DATA EXTRACT:
= = = =
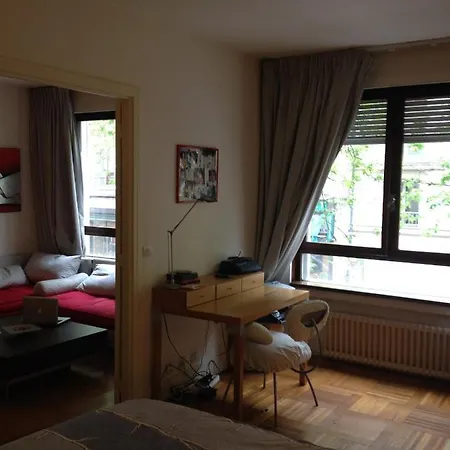 The Atrium Minutes Walk Victor Hugo Eiffel Tower Arc Du Triumph Et Champs Elysee Luxury 62 Renovated Videosurveillance Master Bedroom Living Area Dinning Bathroom Separated Toilet Spacious Sleeps Six Design Functional Furniture Equipment Parigi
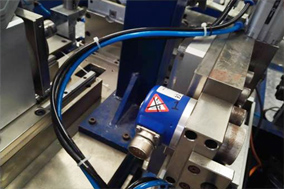 磁编码器在折弯机精确定位中的应用 - 成人动漫综合网_日韩精品人妻系列无码专区_驯服已婚人妻HD中文字幕_精品香蕉久久久午夜福利_欧美日韩成人高清色视频_少妇精品久久久一区二区三区......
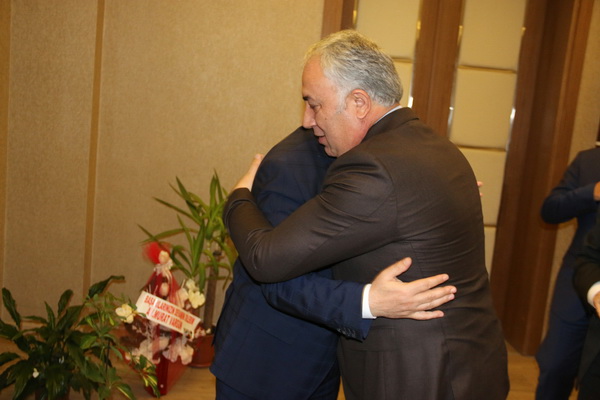 baskanlardan,-baskana-tebrik!-(2).jpg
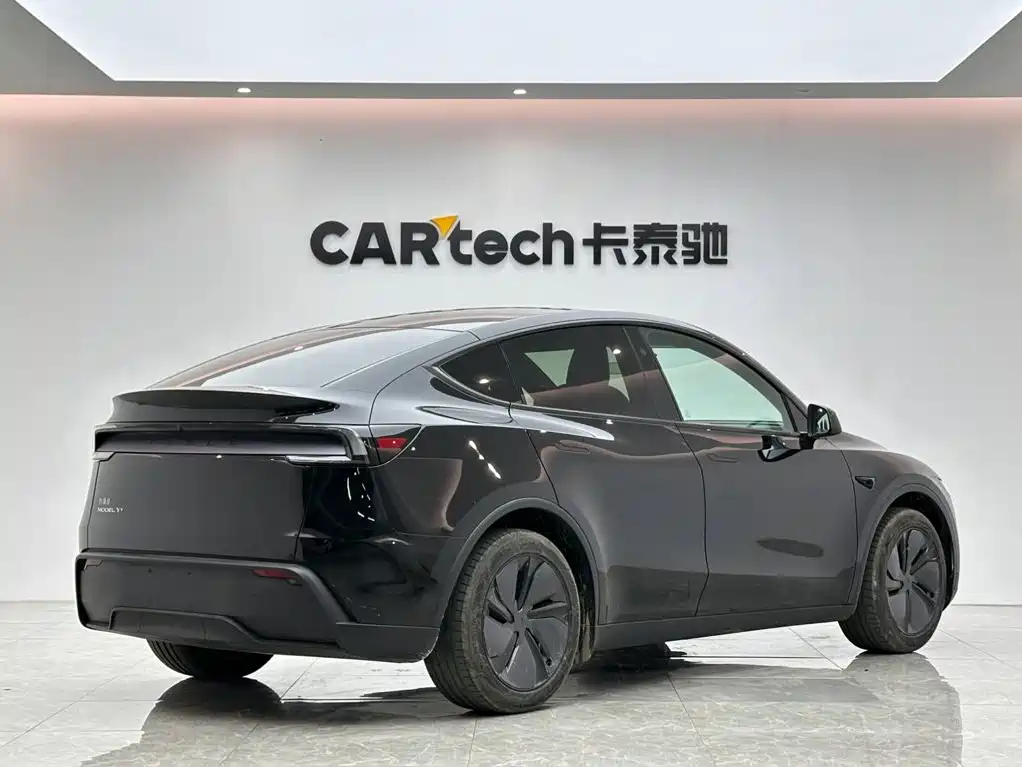 Photo 5 - Tesla Model Y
= = = =
YOUR ASSIGNMENT:
Copy the lines above exactly. Do not include pictures.

SOLUTION:
 The Atrium Minutes Walk Victor Hugo Eiffel Tower Arc Du Triumph Et Champs Elysee Luxury 62 Renovated Videosurveillance Master Bedroom Living Area Dinning Bathroom Separated Toilet Spacious Sleeps Six Design Functional Furniture Equipment Parigi
 磁编码器在折弯机精确定位中的应用 - 成人动漫综合网_日韩精品人妻系列无码专区_驯服已婚人妻HD中文字幕_精品香蕉久久久午夜福利_欧美日韩成人高清色视频_少妇精品久久久一区二区三区......
 baskanlardan,-baskana-tebrik!-(2).jpg
 Photo 5 - Tesla Model Y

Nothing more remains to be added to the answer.